3

I currently use the following method of reading a file line by line:

(for [(line (in-lines))]

However, right now my code is too slow. Is there a "faster" way to read the input line by line?

GAD3R
  • 4,317
  • 1
  • 23
  • 34
Wallace
  • 107
  • 4
  • 1
    hi there. can you post some info on how "slow" it is and what you expected it to be? are you just loading the file or trying to print anything? because that could be the culprit. Finally you could use some other function to buffer things instead of line by line. for example you could read the whole thing in memory if it fits and then split it, or read by some blocksize and split etc. check out [this answer for ideas](https://stackoverflow.com/questions/42028610/how-to-load-a-huge-file-into-a-string-or-list-in-racket) – ramrunner Feb 01 '19 at 19:35

1 Answers1

4

Like ramrunner, I suspect that the problem is somewhere else. Here's a short program that I wrote that generates a 10 Megabyte text file and then reads it in using 'in-lines'.

#lang racket

(define chars (list->vector (string->list "abcde ")))
(define charslen (vector-length chars))

(define (random-line)
  (list->string
   (for/list ([i (in-range 80)])
     (vector-ref chars (random charslen)))))

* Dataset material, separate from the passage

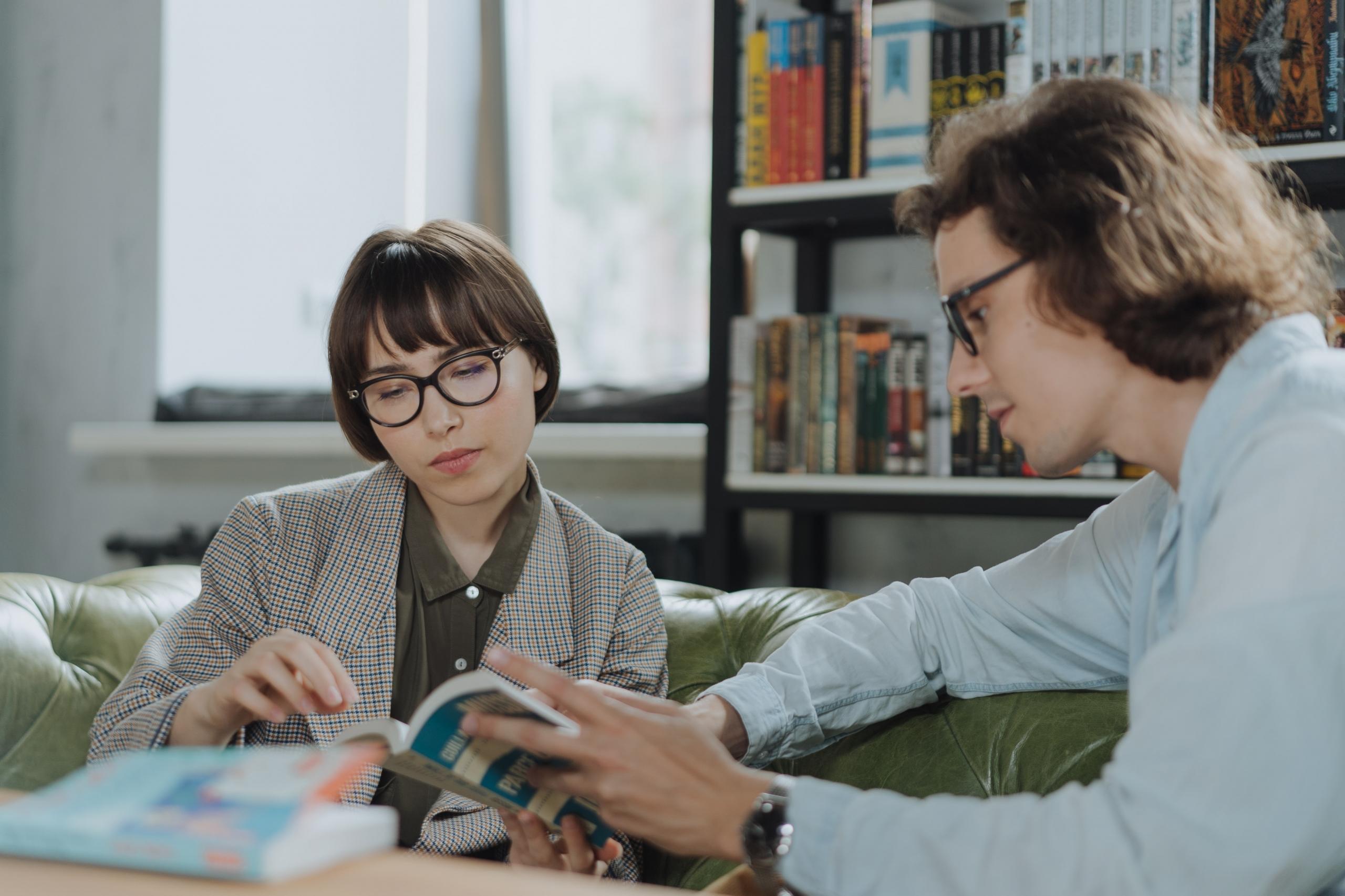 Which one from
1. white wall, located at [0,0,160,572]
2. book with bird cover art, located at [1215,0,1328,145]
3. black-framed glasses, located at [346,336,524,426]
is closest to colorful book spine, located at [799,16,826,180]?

(define linecount (ceiling (/ (* 10 (expt 10 6)) 80)))

(time
 (call-with-output-file "/tmp/sample.txt"
   (λ (port)
     (for ([i (in-range linecount)])
       (write (random-line) port)))
   #:exists 'truncate))

;; cpu time: 2512 real time: 2641 gc time: 357

;; okay, let's time reading it back in:

(time
 (call-with-input-file "/tmp/sample.txt"
   (λ (port)
     (for ([l (in-lines port)])
       'do-something))))

;; cpu time: 161 real time: 212 gc time: 26
;; cpu time: 141 real time: 143 gc time: 23
;; cpu time: 144 real time: 153 gc time: 22

(the times here are all in milliseconds). So it takes about a sixth of a second to read in all the lines in a 10 megabyte file.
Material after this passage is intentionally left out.